Effective chunking with 2×2 grid

Memory champion Wang Feng uses a very simple and efficient chunking method. Wang Feng is arguably the fastest mnemonist alive, so his method works. The simplicity of this method is only superficial, and you need a lot of practicing to master it – more than other methods we teach. Influenced by the structure of his native Chinese he uses very simple markers and then chunks the simple markers in 2×2 grid and remembers the whole grid as one more complex marker.

If you work with definitions and formulas you do not have enough details to create complex markers from the text. Instead, we recommend creating simple markers. Simple markers look like pictograms, clip-arts, characters, icons: a very simple depiction of complex ideas. If you want examples use google image search with search tools -> type -> clipart turned on. Our 20 images exercise uses this sort of images, and many students find very challenging to work with this sort of abstraction.

An example:


How shall I create and structure markers for several things like in paragrath below:
“Such application contains a description of the relevant goods, the target market and competitors, ​​rough estimates regarding the size of the market, the price of goods, duration and cost of the work to create new products, the cost of production and profit margins…”

What I need to remember:
Rough estimates of
– Market Size
– The price of goods
– The cost of work
– Revenues
How do I do that?

Chunking 2×2 works quite well. You visualize the whole chunk at once. Very fast, and mo stories required. I learnt this method from Chinese memory champion Wang Feng
Lists of up to 16 items can be generated as 2×2 structure of 2×2 structures.That’s why our exercise has 20 items: to push beyond this limitation.

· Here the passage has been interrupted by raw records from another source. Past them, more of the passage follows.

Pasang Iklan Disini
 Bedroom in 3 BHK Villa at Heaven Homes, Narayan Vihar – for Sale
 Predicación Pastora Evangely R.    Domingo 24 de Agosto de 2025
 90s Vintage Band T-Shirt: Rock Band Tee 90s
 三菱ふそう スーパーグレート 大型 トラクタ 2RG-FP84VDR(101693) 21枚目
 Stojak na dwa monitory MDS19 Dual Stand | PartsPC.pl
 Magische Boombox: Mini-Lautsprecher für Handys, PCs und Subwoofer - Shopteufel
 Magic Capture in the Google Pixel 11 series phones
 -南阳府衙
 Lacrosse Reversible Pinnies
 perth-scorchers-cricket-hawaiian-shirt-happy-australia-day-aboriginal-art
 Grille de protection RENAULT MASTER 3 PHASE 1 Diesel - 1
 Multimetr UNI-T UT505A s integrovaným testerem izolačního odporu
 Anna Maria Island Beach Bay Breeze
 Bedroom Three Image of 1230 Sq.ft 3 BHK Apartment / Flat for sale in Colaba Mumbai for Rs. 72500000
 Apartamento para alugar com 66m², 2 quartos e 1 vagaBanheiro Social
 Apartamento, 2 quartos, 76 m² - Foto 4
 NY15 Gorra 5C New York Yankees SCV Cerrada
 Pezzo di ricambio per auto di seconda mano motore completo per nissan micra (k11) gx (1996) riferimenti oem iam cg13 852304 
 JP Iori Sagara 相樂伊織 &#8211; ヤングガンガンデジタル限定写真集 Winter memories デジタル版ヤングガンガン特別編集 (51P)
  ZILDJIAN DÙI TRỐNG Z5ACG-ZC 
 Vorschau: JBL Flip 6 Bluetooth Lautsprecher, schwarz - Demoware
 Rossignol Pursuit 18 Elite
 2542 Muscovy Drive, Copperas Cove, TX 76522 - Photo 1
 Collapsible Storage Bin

Why does a perfect grid have 4 items? Notice, quite often linking and chunking happens in a different context than marker creation. The context switching slows you down: remember multitasking exercises. The context switch is happening because our working memory is of limited size. The working memory size is 7+-2 objects. 4 X (objects for chunking) + (the resulting marker) + (the link to a previous marker) + (the room to place the resulting marker) = 7 objects! This means that this way we use all the working memory, and have no context switching.

Why are we arranging the objects in 2×2 grid? This is the most spatially compact representation. If we need to visualize the object in one glance we do not want it to move in 3D, we do not want to scan lines and columns, we want to have razor-sharp focused visualization.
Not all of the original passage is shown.